The MPs also wants to see the creation of a compulsory code of ethics similar to the UK’s broadcasting code to regulate social media platforms.
The Culture, Media and Sport committee began its investigation into Disinformation and Fake News in 2017 prompted by concerns about the influence of platforms such as Facebook on British politics and society including the influence of the 2016 referendum.
It published its final report on the matter in February.
The committee’s report says: “There is now an urgent need to establish independent regulation. We believe that a compulsory Code of Ethics should be established, overseen by an independent regulator, setting out what constitutes harmful content. The independent regulator would have statutory powers to monitor relevant tech companies; this would create a regulatory system for online content that is as effective as that for offline content industries.”
Legal liability for content
The committee wants to see social media companies facing legal liability for harmful and illegal content, especially if it is not removed following users’ complaints. It wants to see new systems in place to highlight and remove such content. If platforms were found wanting, the committee suggests that a new regulator would be able to launch legal proceedings and levy large fines.
The committee says that this public body should have statutory powers to obtain any information from social media companies that are relevant to its inquiries.
It adds: “This could include the capability to check what data is being held on an individual user, if a user requests such information.”
The committee has also called for an existing UK regulator, the Competition and Markets Authority, to undertake a comprehensive audit of the operation of the online advertising market.
It recommends that the CMA should also investigate whether Facebook specifically has been involved in any anti-competitive practices and conduct a review of Facebook’s business practices towards other developers. It also wants the CMA to decide whether Facebook is unfairly using its dominant market position in social media to decide which businesses should succeed or fail. It says companies like Facebook should not be allowed to behave like ‘digital gangsters’ in the online world, considering themselves to be ahead of and beyond the law.”
The committee also wants to see a big shake up in electoral law in the United Kingdom. The report adds: “It is not fit for purpose and needs to be changed to reflect changes in campaigning techniques, and the move from physical leaflets and billboards to online, micro-targeted political campaigning.”
It makes the following demands
- Absolute transparency of online political campaigning, including clear, persistent banners on all paid-for political adverts and videos, indicating the source and the advertiser
- A category introduced for digital spending on campaigns.
- Explicit rules surrounding designated campaigners’ role and responsibilities.
“The Government should carry out a comprehensive review of the current rules and regulations surrounding political work during elections and referenda including: increasing the length of the regulated period; defining what constitutes political campaigning; and reducing the time for spending returns to be sent to the Electoral Commission.”

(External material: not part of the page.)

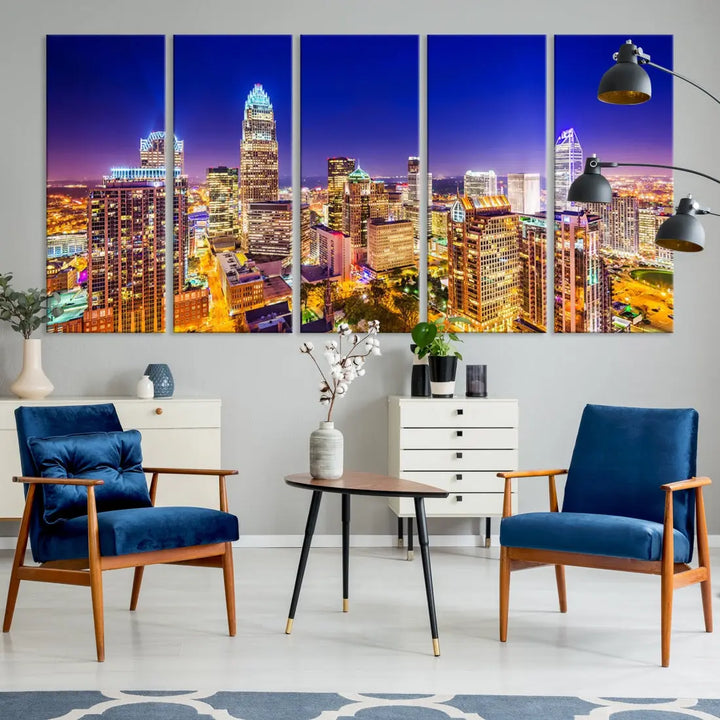 Downtown Charlotte City Lights Night Skyline Cityscape Canvas Wall Art Print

Political advertising – demand for full disclosure
The committee adds that tech companies must address the issue of shell companies and other professional attempts to hide identity in advert purchasing, especially around political advertising—both within and outside campaigning periods. There should be full disclosure of the targeting used as part of advertising transparency. The Government should explore ways of regulating the use of external targeting on social media platforms, such as Facebook’s Custom Audiences.
Member of Parliament, Damian Collins, Chair of the DCMS Committee said: “Democracy is at risk from the malicious and relentless targeting of citizens with disinformation and personalised ‘dark adverts’ from unidentifiable sources, delivered through the major social media platforms we use everyday. Much of this is directed from agencies working in foreign countries, including Russia.
“The big tech companies are failing in the duty of care they owe to their users to act against harmful content, and to respect their data privacy rights.
“Companies like Facebook exercise massive market power which enables them to make money by bullying the smaller technology companies and developers who rely on this platform to reach their customers.
“We need a radical shift in the balance of power between the platforms and the people. The age of inadequate self regulation must come to an end. The rights of the citizen need to be established in statute, by requiring the tech companies to adhere to a code of conduct written into law by Parliament, and overseen by an independent regulator.”
Collins also called on Facebook chief executive to answer the committee’s questions having failed to do so.
Zuckerberg – still wanted
“Even if Mark Zuckerberg doesn’t believe he is accountable to the UK Parliament, he is to the billions of Facebook users across the world. Evidence uncovered by my Committee shows he still has questions to answer yet he’s continued to duck them, refusing to respond to our invitations directly or sending representatives who don’t have the right information. Mark Zuckerberg continually fails to show the levels of leadership and personal responsibility that should be expected from someone who sits at the top of one of the world’s biggest companies.”